En vertu de l’art. 88a al. 2 RAI, si la capacité de gain de
l’assuré ou sa capacité d’accomplir les travaux habituels se dégrade, ou si
son impotence ou encore le besoin de soins ou le besoin d’aide découlant
de son invalidité s’aggrave, ce changement est déterminant pour
l’accroissement du droit aux prestations dès qu’il a duré trois mois sans
interruption notable ; l’art. 29
bis
RAI est toutefois applicable par analogie.
S’agissant des effets d’une modification du droit aux
prestations par voie de révision, l’art. 88
bis
al. 1 let. a RAI précise que
l’augmentation de la rente, de l’allocation pour impotent ou de la
contribution d’assistance prend effet, au plus tôt, si la révision est
demandée par l’assuré, dès le mois où cette demande est présentée.
4.a) Pour pouvoir fixer le degré d’invalidité, l’administration – en
cas de recours, le tribunal – se fonde sur des documents médicaux, le cas
échéant, des documents émanant d’autres spécialistes pour prendre
position.
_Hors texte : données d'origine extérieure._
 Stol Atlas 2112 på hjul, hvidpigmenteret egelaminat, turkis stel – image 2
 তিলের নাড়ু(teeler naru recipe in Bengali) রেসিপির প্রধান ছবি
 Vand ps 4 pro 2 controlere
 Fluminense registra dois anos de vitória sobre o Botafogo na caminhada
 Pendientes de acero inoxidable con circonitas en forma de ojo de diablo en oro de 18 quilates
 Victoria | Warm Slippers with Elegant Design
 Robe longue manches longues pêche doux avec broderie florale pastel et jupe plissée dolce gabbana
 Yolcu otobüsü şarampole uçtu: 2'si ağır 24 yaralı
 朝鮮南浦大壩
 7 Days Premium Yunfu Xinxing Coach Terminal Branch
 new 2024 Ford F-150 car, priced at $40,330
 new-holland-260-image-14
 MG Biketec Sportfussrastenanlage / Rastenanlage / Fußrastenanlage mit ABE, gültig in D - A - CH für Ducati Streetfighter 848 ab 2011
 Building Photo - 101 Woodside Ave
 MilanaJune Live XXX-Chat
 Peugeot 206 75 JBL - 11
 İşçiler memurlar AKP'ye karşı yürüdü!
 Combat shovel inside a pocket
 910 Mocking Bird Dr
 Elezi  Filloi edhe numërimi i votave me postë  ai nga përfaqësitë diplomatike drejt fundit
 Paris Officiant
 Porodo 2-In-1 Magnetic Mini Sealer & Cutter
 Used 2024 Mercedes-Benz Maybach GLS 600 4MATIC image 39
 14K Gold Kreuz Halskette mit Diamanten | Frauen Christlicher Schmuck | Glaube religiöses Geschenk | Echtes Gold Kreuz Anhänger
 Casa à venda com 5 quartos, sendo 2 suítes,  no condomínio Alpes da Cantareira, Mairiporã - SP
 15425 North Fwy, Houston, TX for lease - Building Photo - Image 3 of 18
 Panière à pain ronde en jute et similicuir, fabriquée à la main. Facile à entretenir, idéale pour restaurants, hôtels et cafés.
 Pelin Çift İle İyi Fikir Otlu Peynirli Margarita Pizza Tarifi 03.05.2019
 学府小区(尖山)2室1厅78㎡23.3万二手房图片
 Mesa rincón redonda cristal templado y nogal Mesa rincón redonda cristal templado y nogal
La tâche du médecin consiste à évaluer l’état de santé de la
personne assurée et à indiquer dans quelle proportion et dans quelles
activités elle est incapable de travailler (ATF 125 V 256 consid. 4 ; TF
9C_519/2008 du 10 mars 2009 consid. 2.1 et les références citées). En
outre, les renseignements fournis par les médecins constituent une base
importante pour apprécier la question de savoir quelle activité peut encore
être raisonnablement exigible de la part de la personne assurée (ATF 125
V 256 consid. 4 ; ATF 115 V 133 consid. 2 ; ATF 114 V 310 consid. 2c ; ATF
105 V 156 consid. 1 ; TF I 562/06 du 25 juillet 2007 consid. 2.1 ; TFA I
274/05 du 21 mars 2006 consid. 1.2).
b) Selon le principe de la libre appréciation des preuves, le
juge apprécie librement les preuves médicales qu’il a recueillies, sans être
lié par des règles formelles, en procédant à une appréciation complète et
-
29 -
rigoureuse des preuves. Le juge doit examiner objectivement tous les
documents à disposition, quelle que soit leur provenance, puis décider s’ils
permettent de porter un jugement valable sur le droit litigieux. S’il existe
des avis contradictoires, il ne peut trancher l’affaire sans indiquer les
raisons pour lesquelles il se fonde sur une opinion plutôt qu’une autre. En
ce qui concerne la valeur probante d’un rapport médical, ce qui est
déterminant, c’est que les points litigieux aient fait l’objet d’une étude
circonstanciée, que le rapport se fonde sur des examens complets, qu’il
prenne également en considération les plaintes exprimées par la personne
examinée, qu’il ait été établi en pleine connaissance du dossier
(anamnèse), que la description du contexte médical et l’appréciation de la
situation médicales soient claires et enfin que les conclusions médicales
soient dûment motivées. Au demeurant, l’élément déterminant pour la
valeur probante n’est ni l’origine du moyen de preuve ni sa désignation
comme rapport ou comme expertise, mais bel et bien son contenu (ATF
134 V 231 consid. 5.1 ; ATF 125 V 351 consid. 3a et les références citées ;
TF 9C_104/2014 du 10 mai 2014 consid. 4.1).
Un rapport médical qui émane d'un service médical régional
au sens de l'art. 69 al. 4 RAI, en vigueur jusqu'au 31 décembre 2011, a
valeur probante s'il remplit les exigences requises par la jurisprudence sur
le contenu des rapports médicaux rappelées ci-dessus (TF 9C_600/2010 du
21 janvier 2011 consid. 2 ; TFA I 573/04 du 10 novembre 2005 consid. 5.5
; TFA I 523/02 du 28 octobre 2002 consid. 3).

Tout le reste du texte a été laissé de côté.